I don’t half get confused about ‘cures’, I’m glad antibiotics worked for you Isola, have many other people also been cured by using your husband’s antibiotic regime and how did they refer? Can webuy the antibiotocs used over the internet?

I’ve been thinking about going for CCSVI (although the thought of knives cutting into veins terrifies me) or LDN, there’s no ‘approved’ drugs I could take as my MS has pushed me right over the hill, treatment wise (except for pain killers), there’s always someone pushing their own ‘cure’ on here from snake venom to tapeworm patches.

My own daft theory is that there are many ‘causes’ of MS, and therefore there need to be many ‘cures’, each one tailored to the individual depending on what triggered their symptoms.

I don’t mean to cause offense but could it be that you just eventually recovered from a severe relapse over the course of time that you were given the antibiotics? That did happen to me in the early days of MS, I could be severely ill and in relapse for months and months but gradually my body would recover with rest and I’d be back to a level of normality.

I often wonder if this has happened to some of the people who are magically 'cured’by some of the more outlandish remedies, time = equals recovery for some of them. The others have assumed that their alternative treatment hasn’t worked and the charlatans have pocketed the profits :(.

Those of us with no other hope are sitting ducks for nefarious individuals promoting ‘the cure’,at a cost.

I’m certainly not suggesting your husband is a charlatan and would be interested to at the long term statistics from antibiotic therapy e.g. how many were cured, from and to what degree and how many ‘stayed’ cured for months, years afterwards etc.

Best wishes to you and Dr Whelan.

Fanny x

Mmmmmmmmmmmmmmmmmmmmmmmmm

…antibiotics, CCSVI, stem cell therapy, LDN, HBOT, snake venom, parasites…

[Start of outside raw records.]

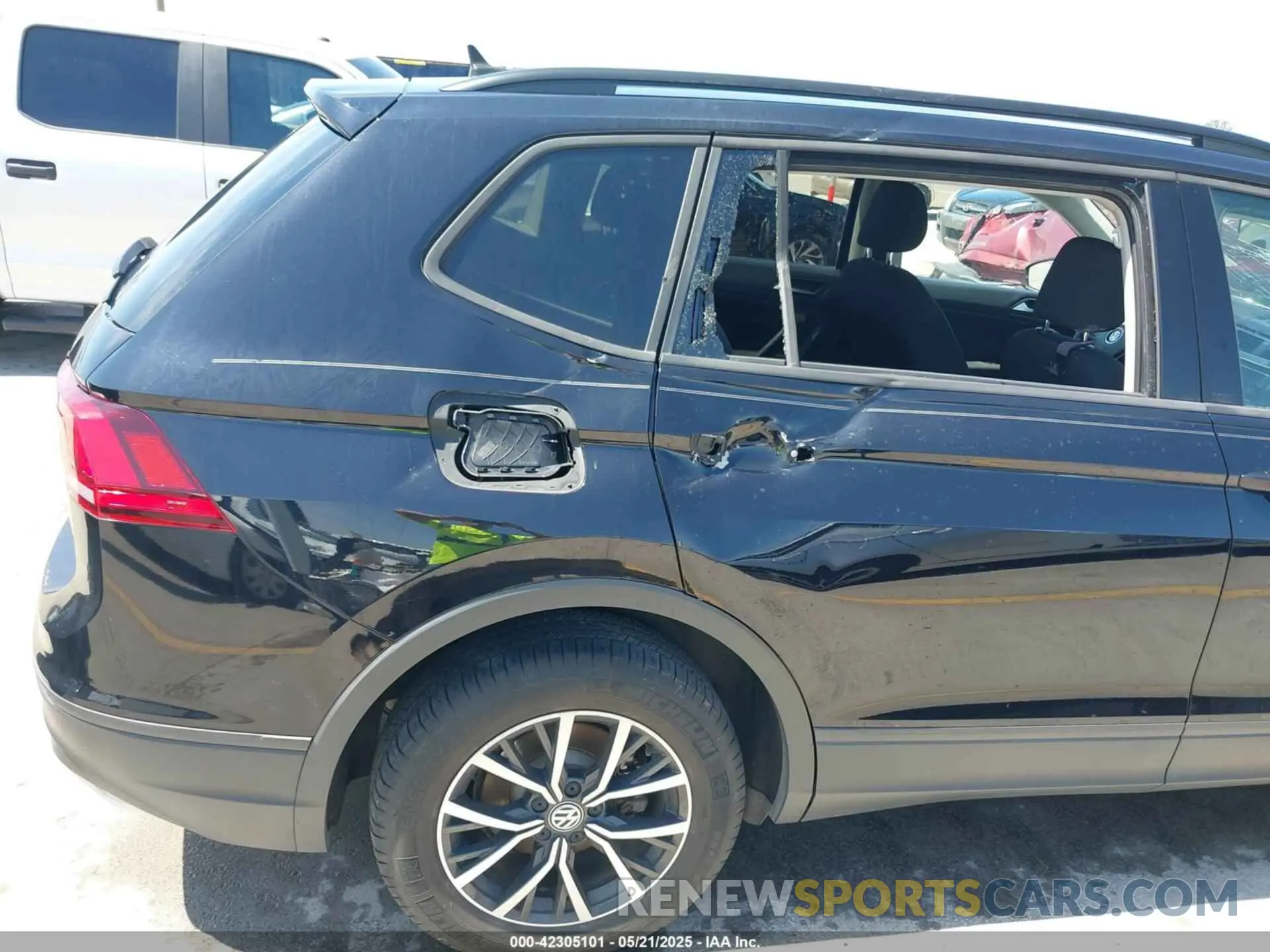 6 Photograph of a damaged car 3VV1B7AX9MM067347 VOLKSWAGEN TIGUAN 2021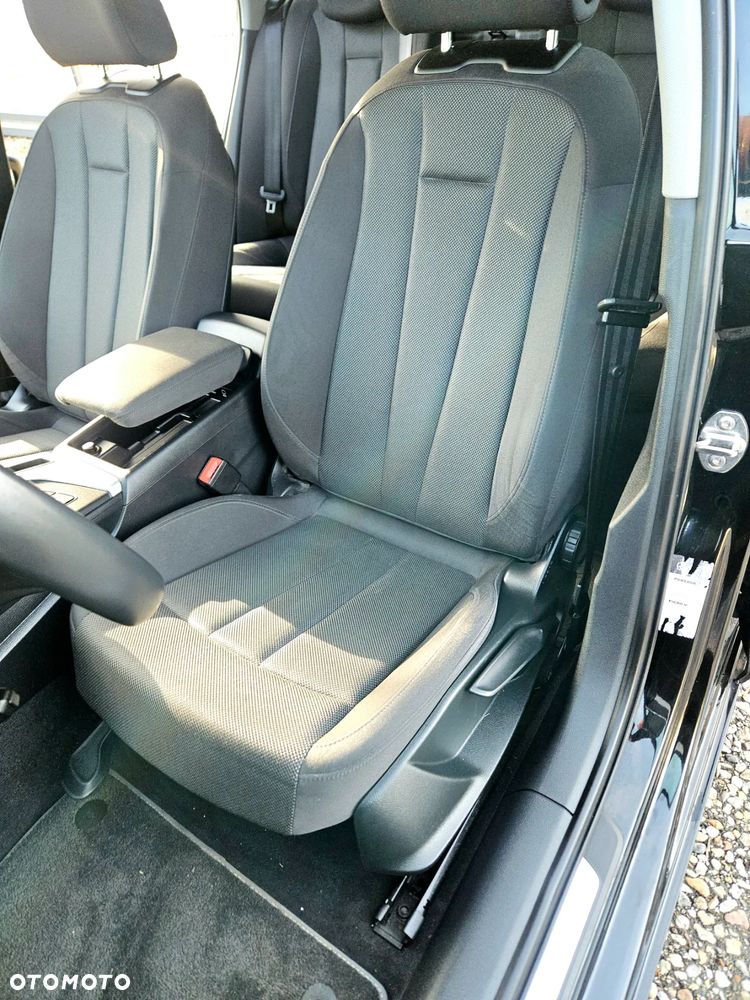 Audi A4 Avant 2.0 TDI S tronic - 28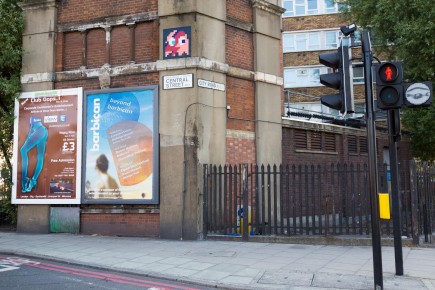 LDN-127 - Aladdin Sane (David Bowie) - Finsbury - Londres /// 30 pts
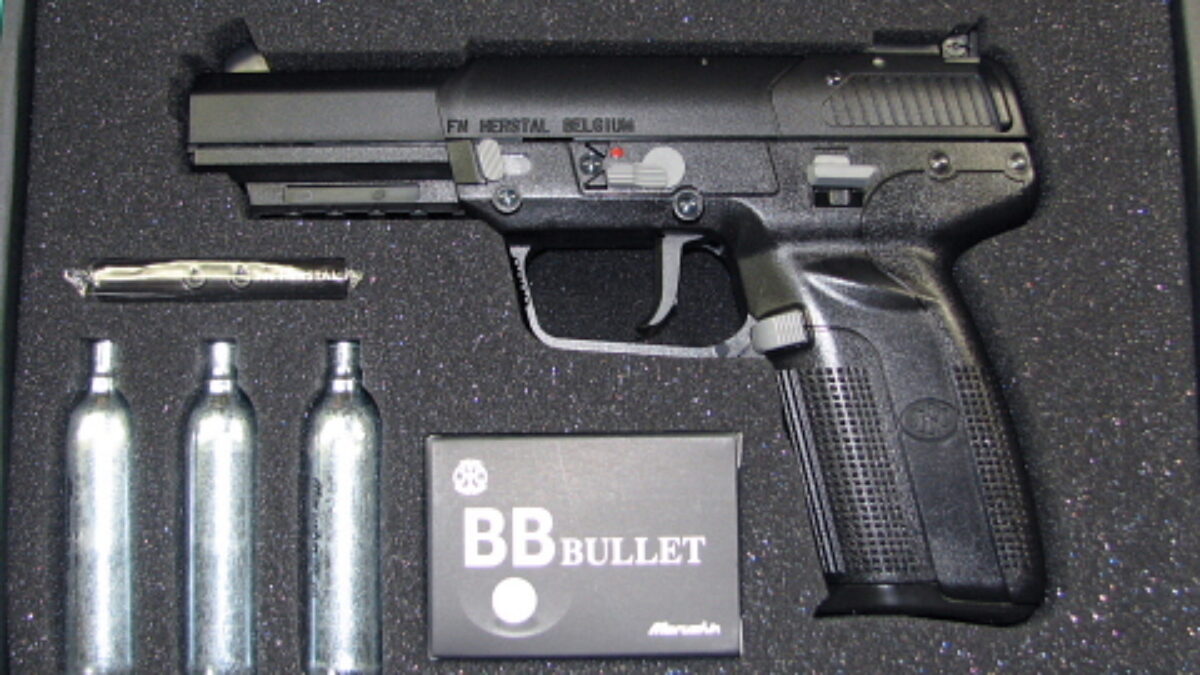 マルシン　FN Five-seveN CO2 ガスブローバック5-7　動作良好 マルシン工業 CO2 ガスブローバックガン FN Five-seveN(ファイブセブン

How does one decide how to spend one’s money?

I have just read your story on your husband’s website.

I have a simple explanation for why his concoction worked for you: your neuro was wrong.

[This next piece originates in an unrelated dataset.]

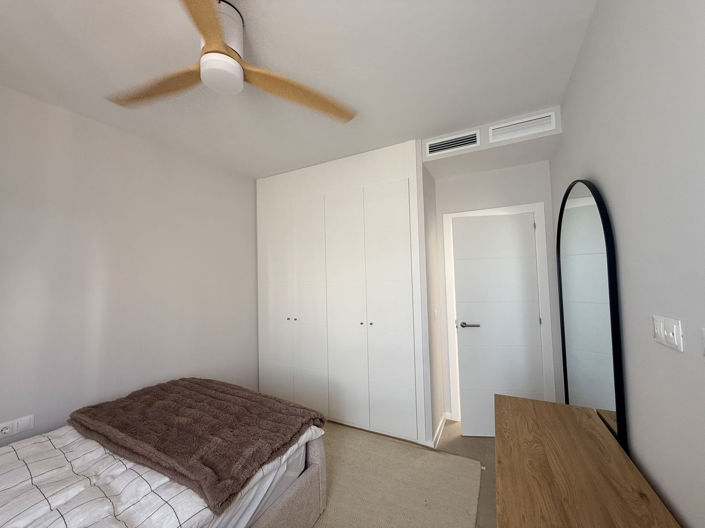 Image No.35-4 Bed Semi-Detached for sale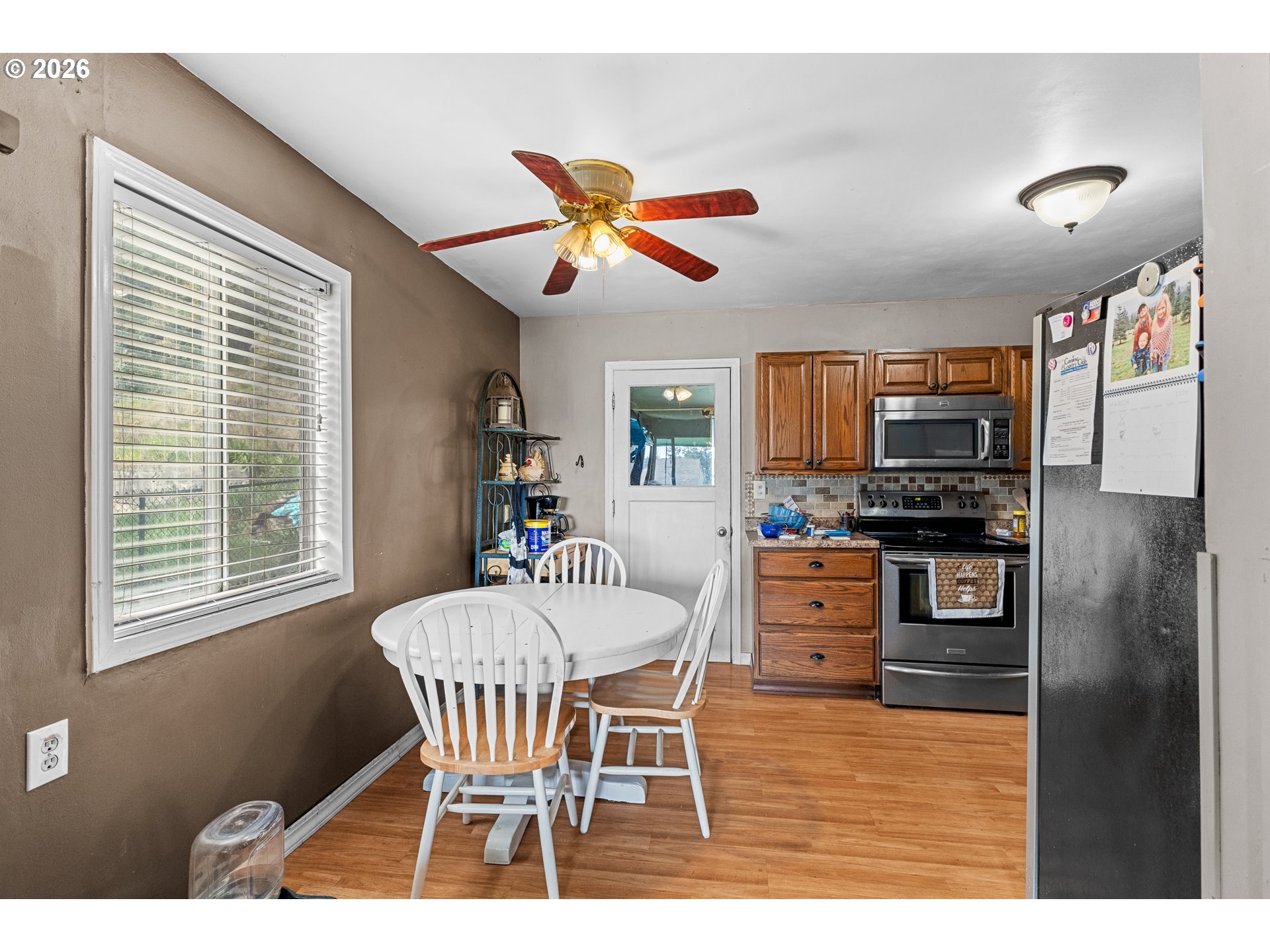 900 West 17th Street Coquille, OR 97423 - Photo 10 of 36 a dining room with furniture and window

Benign MS / mild RRMS which suddenly becomes aggressively progressive after a “prolonged upper respiratory infection” and then miraculously improves with a load of antibiotics?

That isn’t MS! What it is is benign MS / mild RRMS with an infectious demyelinating disease on top. Take away the latter and, lo and behold!, (if we aren’t careful) we think we have a cure! Which of course we don’t - well, not for MS we don’t.

Did it ever occur to you that you weren’t actually treating your MS?? That perhaps it was plodding along quite happily when some opportunistic infection decided to muscle in on its territory?

Of course, we’re assuming it was MS in the first place. Can we be sure of that even?

Too many questions. I’m with Belinda - until there are some proper data, I’m not buying it.